After working on bipartisan tax reform for the past three years, the Senate Finance Committee’s leaders have said they want to start with a blank slate.
Chairman Max Baucus and the committee’s ranking member, Sen. Orrin Hatch, sent a letter to their fellow lawmakers Thursday asking for their input by July 26 on how to reform the tax code, as they’re “now entering the home stretch.”
Baucus, D-Mont., and Hatch, R-Utah, told their colleagues “now it is your turn” to give your ideas and “partnership to get tax reform over the finish line.” Both said they want to complete reforming the tax code in this Congress.
To ensure “that we end up with a simpler, more efficient and fairer tax code, we believe it is important to start with a ‘blank slate’—that is, a tax code without all of the special provisions in the form of exclusions, deductions and credits and other preferences that some refer to as ‘tax expenditures,’” the two write. “This blank slate is not, of course, the end product, nor the end of the discussion.”
The senators went on to say that “some of the special provisions serve important objectives.” Indeed, they said, “some existing tax expenditures should be preserved in some form.
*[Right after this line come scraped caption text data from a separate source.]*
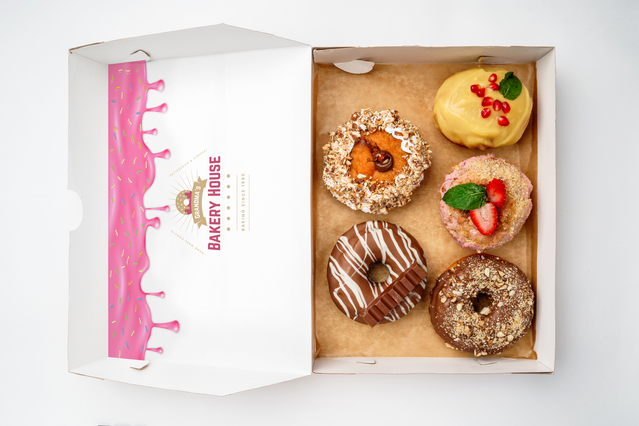 Scatola asporto Bakery House aperta logo rosa interno coperchio e cinque donuts decorati. Sprint24.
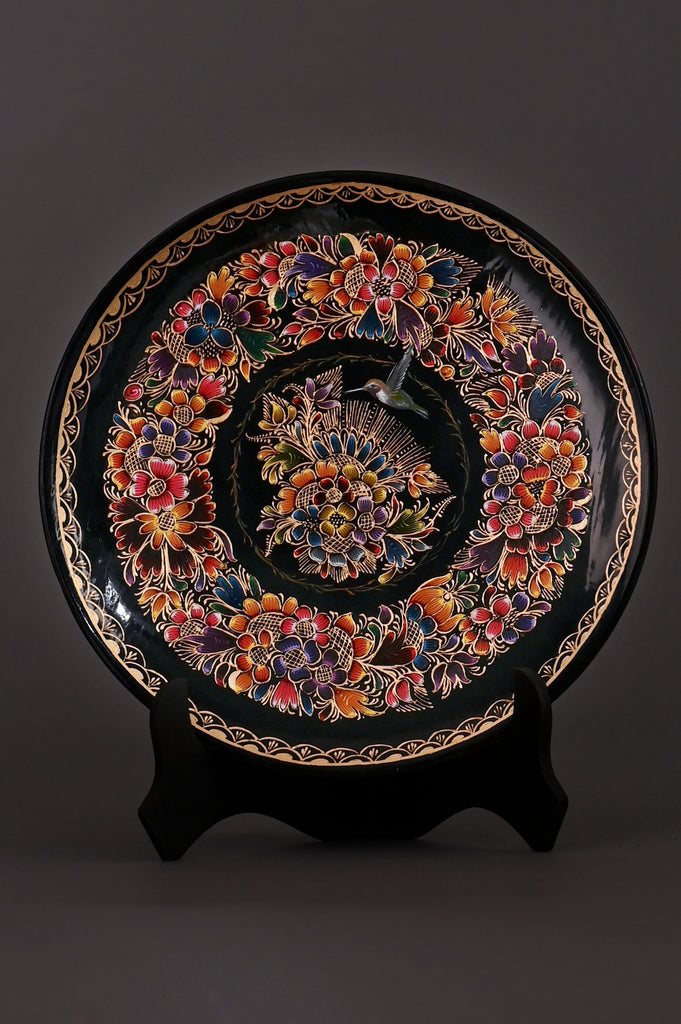 Discover the Mockingbird & Floral Harmony Hand-Painted Mexican Decorative Plate. Crafted from lacquered wood, this artisan masterpiece celebrates vibrant Mexican folk art and nature’s beauty. Authentic Mexican art. Traditional art. Made in Pátzcuaro, Michoacán, Mexico.
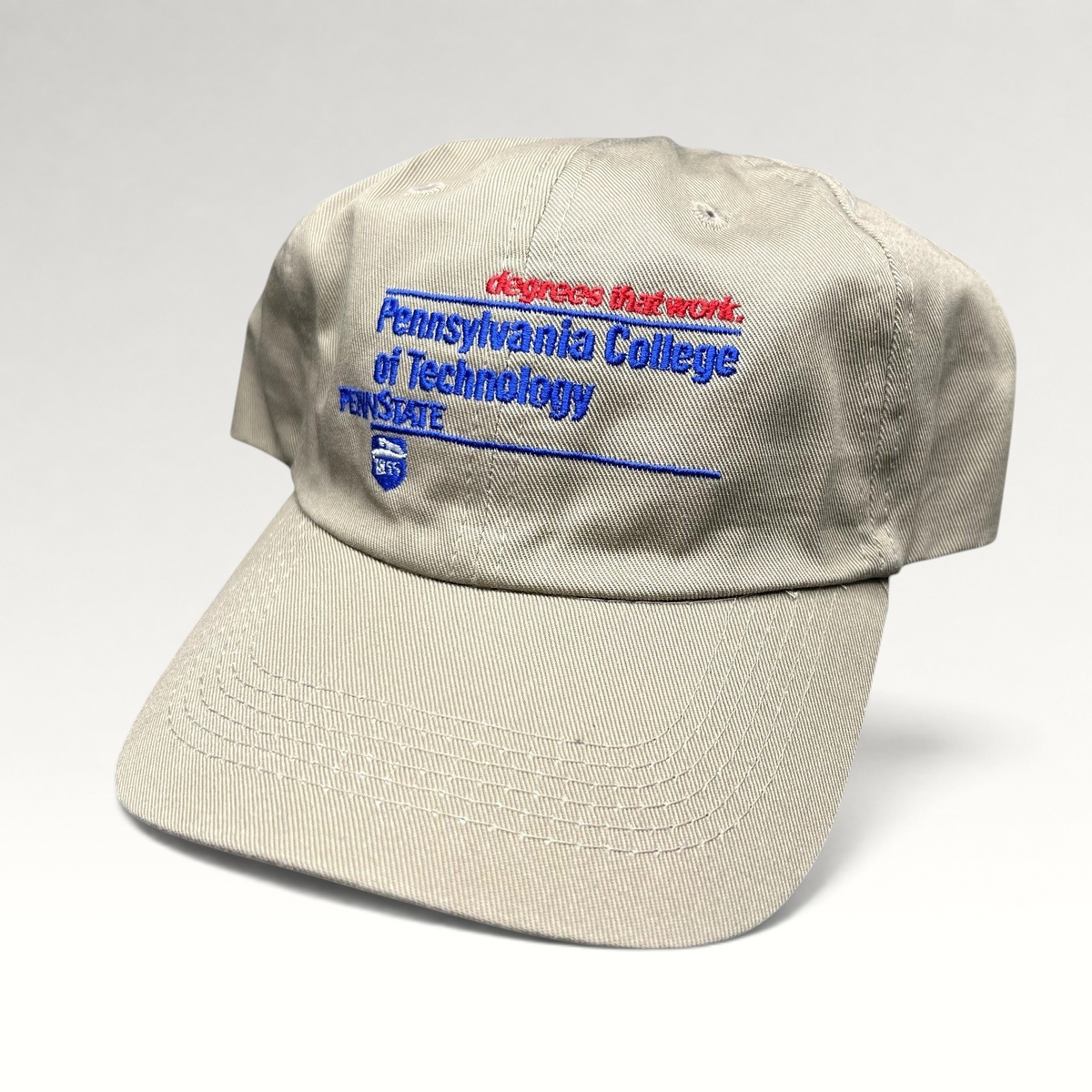 Raree Finds vintage khaki strapback hat with embroidered Pennsylvania College of Technology and Penn State graphics.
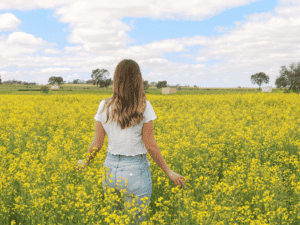 A young woman with long brown hair, wearing a white shirt and light blue jeans, standing in a vibrant yellow canola field under a partly cloudy sky.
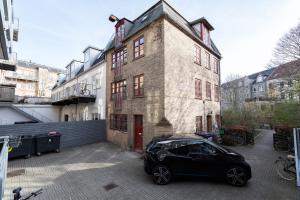 a black car parked in front of a building at aday - Apartment suite 1 Aalborg Center in Aalborg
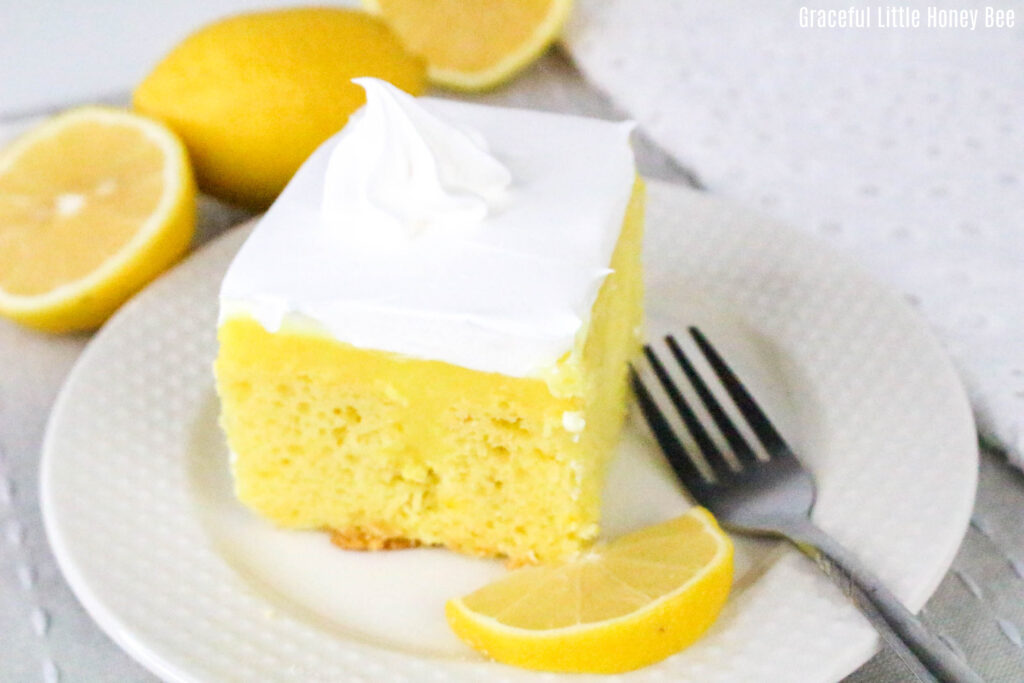 A square of lemon pudding poke cake on a round white plate.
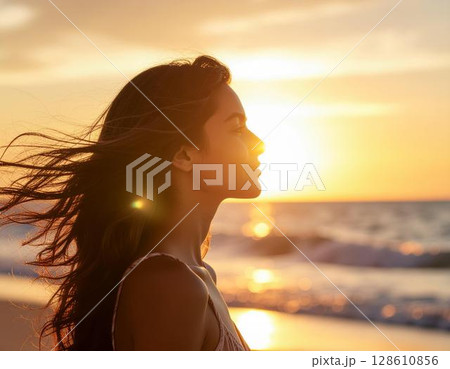 海辺で夕陽に微笑む女性の横顔 128610856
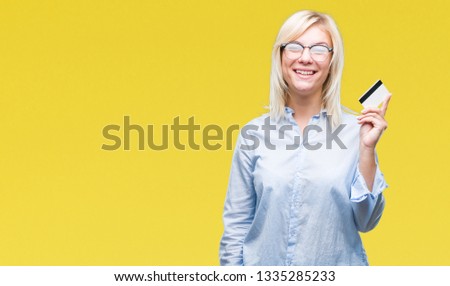 Young beautiful blonde business woman holding credit card over isolated background with a happy face standing and smiling with a confident smile showing teeth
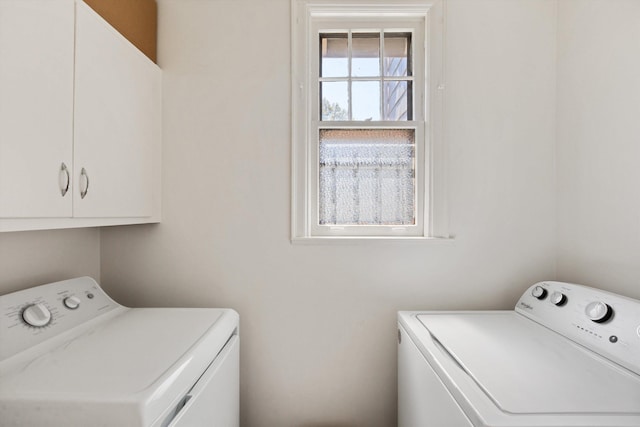 laundry area with cabinet space and washer and dryer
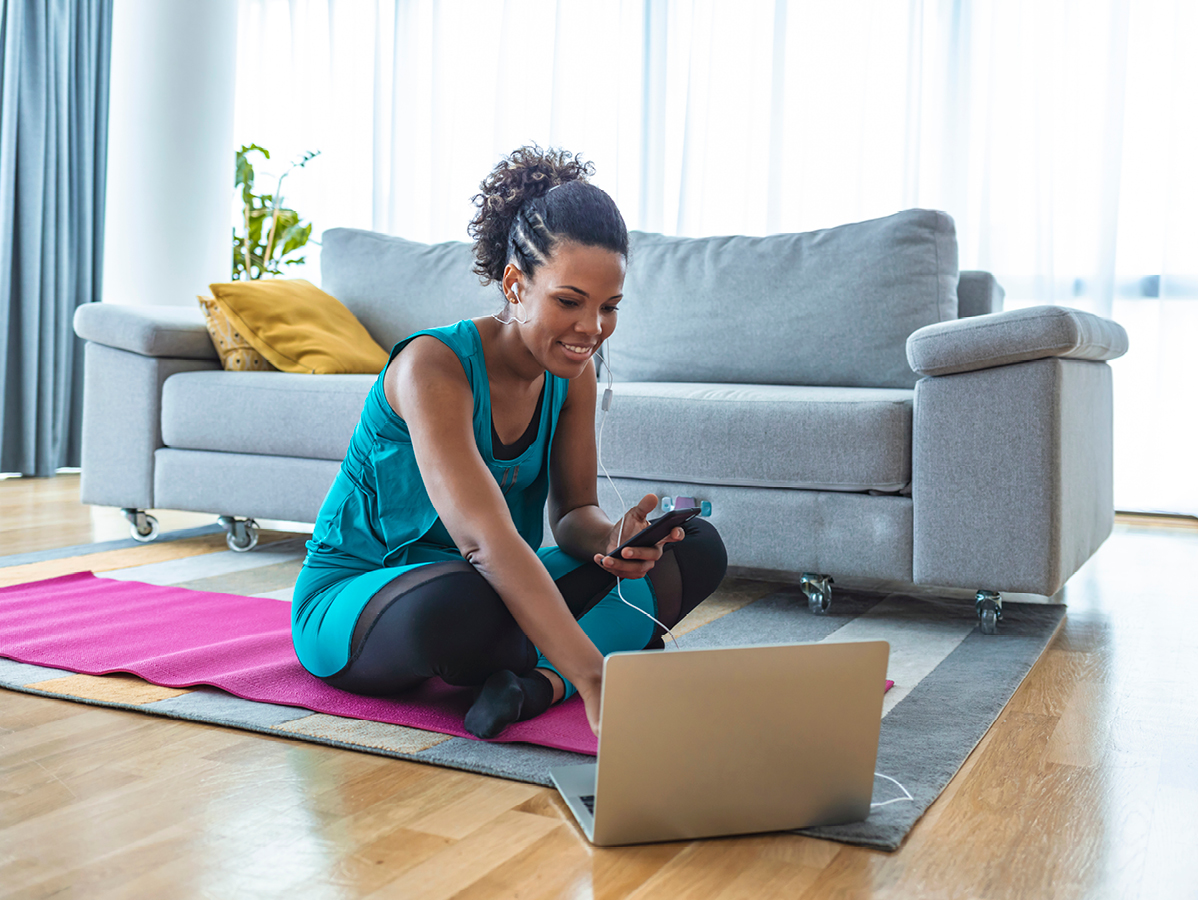 person doing yoga in living room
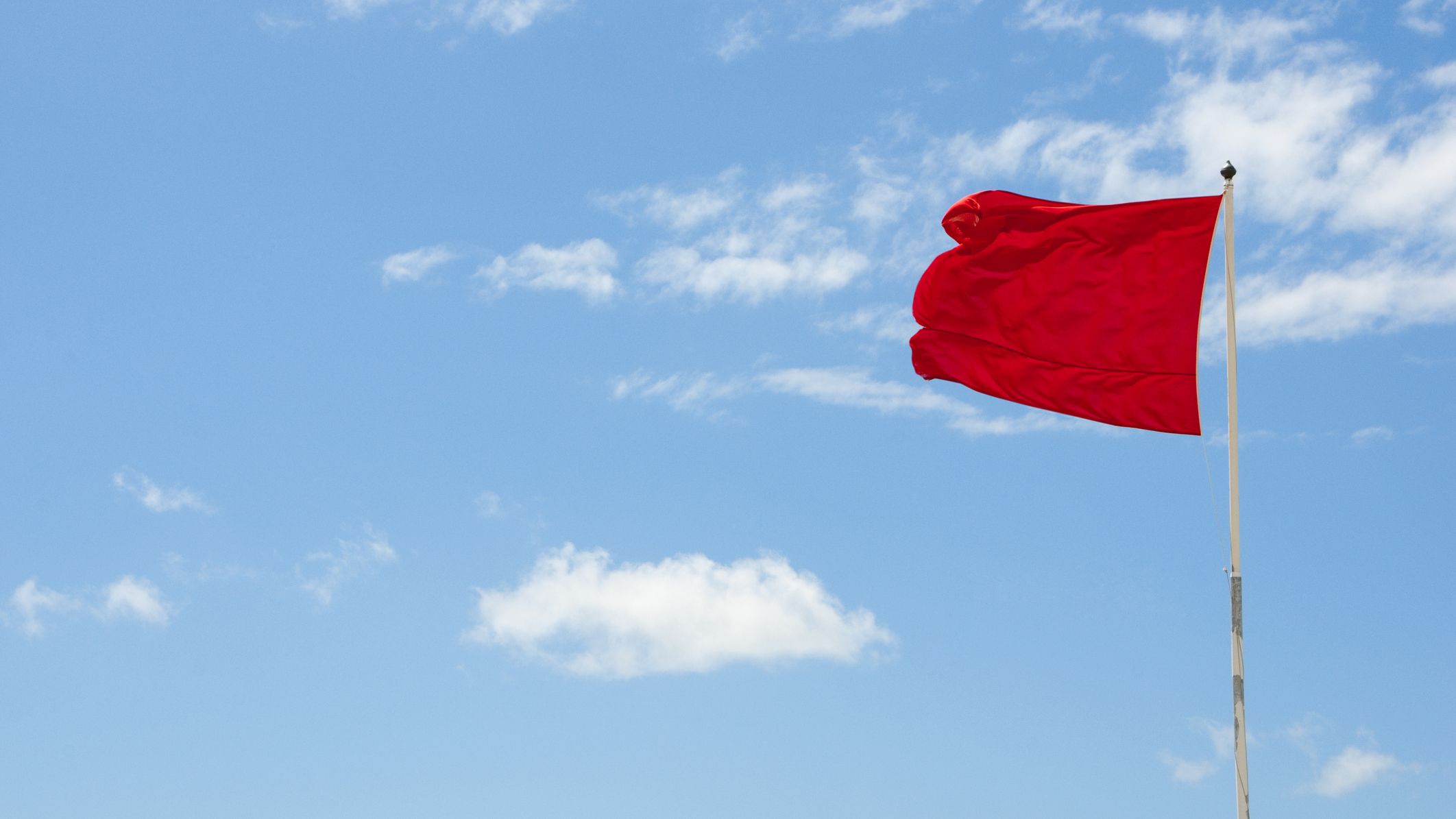 Drapeau rouge avertissant du danger contre un ciel bleu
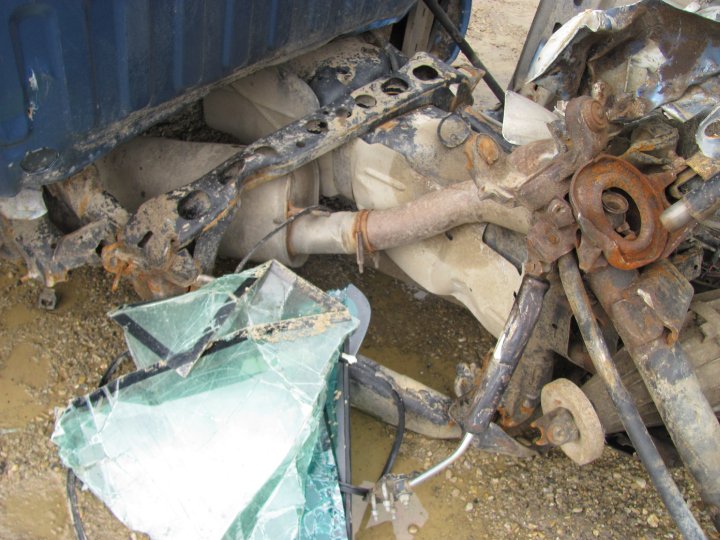 Close-up of a heavily damaged vehicle's undercarriage with broken glass and rusted metal components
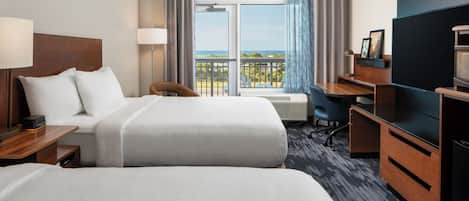 A hotel room with two beds, a desk, a chair, a television, and a balcony with a view.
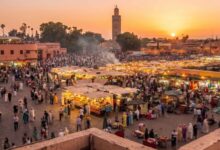 مشهد بانورامي لساحة جامع الفناء النابضة بالحياة في مراكش عند الغروب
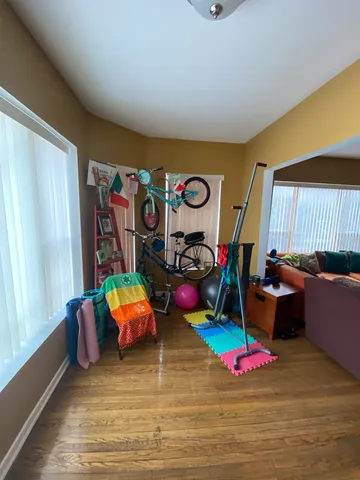 a room with toys and white walls with wooden floor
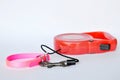 Red automatic leash and pink nylon dog collar on white background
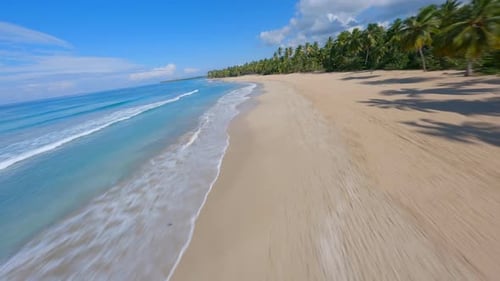 FPV aerial flies low along turquoise blue waves crashing on golden sandy cove of Coson Beach Samana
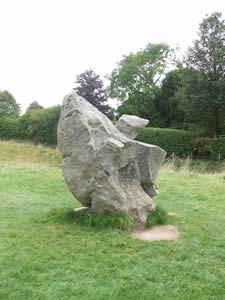 Stone at Avebury that looks like an abstract face or an uncomfortable chair with armrests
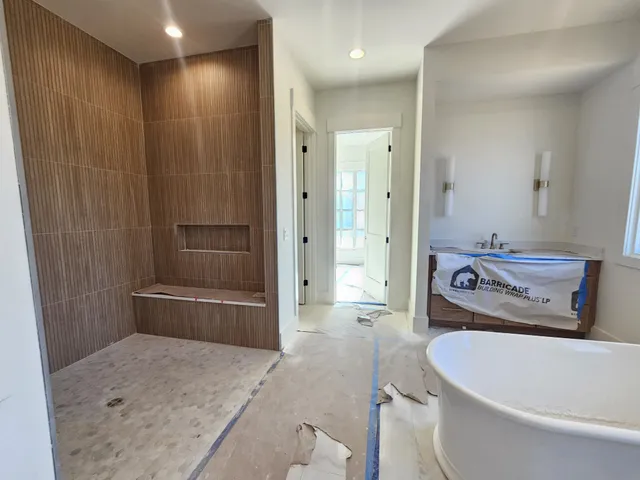 a bathroom with a toilet and a shower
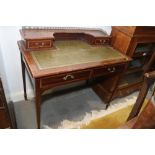 An Edwardian Sheraton design satinwood banded mahogany writing table, low back fitted two small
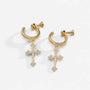 A pair of gold huggie hoop earrings with dangling cross charms, embellished with small clear pavé stones, shown on a clean white background.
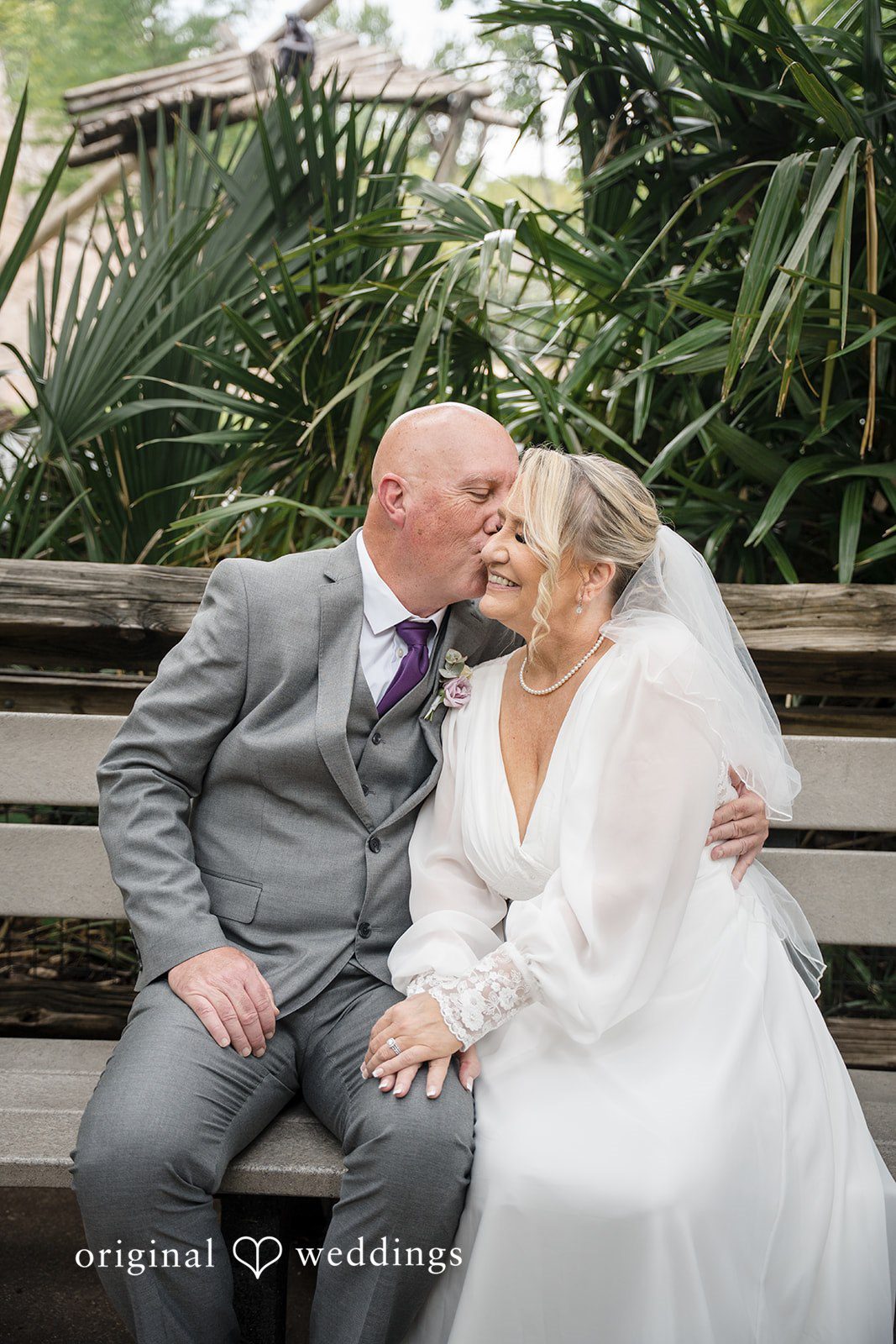 Lorene + Brad Bride and groom sitting together on a bench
But the tax code is also littered with preferences for special interests.”
To clear out all the unproductive provisions and simplify in tax reform, Baucus and Hatch said they “plan to operate from an assumption that all special provisions are out unless there is clear evidence that they: help grow the economy, make the tax code fairer, or effectively promote other important policy objectives.”
Hatch and Baucus asked that lawmakers submit legislative language or detailed proposals for what tax expenditures meet the above mentioned tests and should be included in a reformed tax code, “as well as other provisions that should be added, repealed or reformed as part of tax reform” by July 26. “We will give special attention to proposals that are bipartisan,” they said.
The two senators explained in their letter that the “blank slate approach would allow significant deficit reduction or rate reduction, while maintaining the current level of progressivity.” The amount of rate reduction “would of course depend on how much revenue was reserved for deficit reduction, if any, and from which income groups,” they said.